Après deux heures, scotchés devant le poste de télévision, le sentiment se diffuse : on devient plus attentif aux questions posées par les intervenants qu’aux réponses données par Emmanuel Macron. Celles de Sophie Binet bien sûr, particulièrement pertinentes mais aussi, à droite, celles d’Agnès Verdier-Molinié qui lui prouve par A + B que la France croule sous le poids de ses dépenses publiques. Celles ensuite de Robert Ménard qui pointe l’inefficacité d’une police municipale qui ne peut pas utiliser les drones sans avoir prévenu qu’elle s’apprête à le faire, ce qui lui ôte toute efficacité.

Tant et si bien que l’élève Macron se retrouve contraint de répondre, point par point, peinant à convaincre, sous le feu des longues critiques de ses interrogateurs. Le show n’est plus celui du président de la République mais celui de Robert Ménard, journaliste, chroniqueur qui pose la question que se posent tous les français : pourquoi, sur la sécurité, comme sur les autres sujets abordés, Emmanuel Macron n’a-t-il rien fait depuis huit ans ? « Vous vous trompez », ose lancer le maire de Béziers qui accapare le débat. A cet exercice, Emmanuel Macron a perdu en une seule soirée la stature de leader de l’Europe qu’il avait mis neuf mois à reconstruire après sa désastreuse dissolution.

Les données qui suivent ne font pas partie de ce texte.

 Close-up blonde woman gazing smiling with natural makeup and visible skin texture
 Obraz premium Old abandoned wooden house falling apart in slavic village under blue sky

Il faut attendre la fin de l’émission pour qu’il annonce enfin ce que l’on attendait depuis le début, à savoir une consultation à questions multiples dans le champ de l’article 11 de la constitution, celui du référendum, comme par exemple l’interdiction des réseaux sociaux aux moins de quinze ans, en imposant aux opérateurs un contrôle d’âge… avant de reconnaître qu’une telle décision ne peut se prendre qu’au niveau européen. Quant à la fin de vie, le « référendum peut être une voie » s’il devait y avoir un « enlisement » au Parlement. Ouf ! Voici enfin l’essentiel. Même s’ il reste parsemé de points d’interrogation.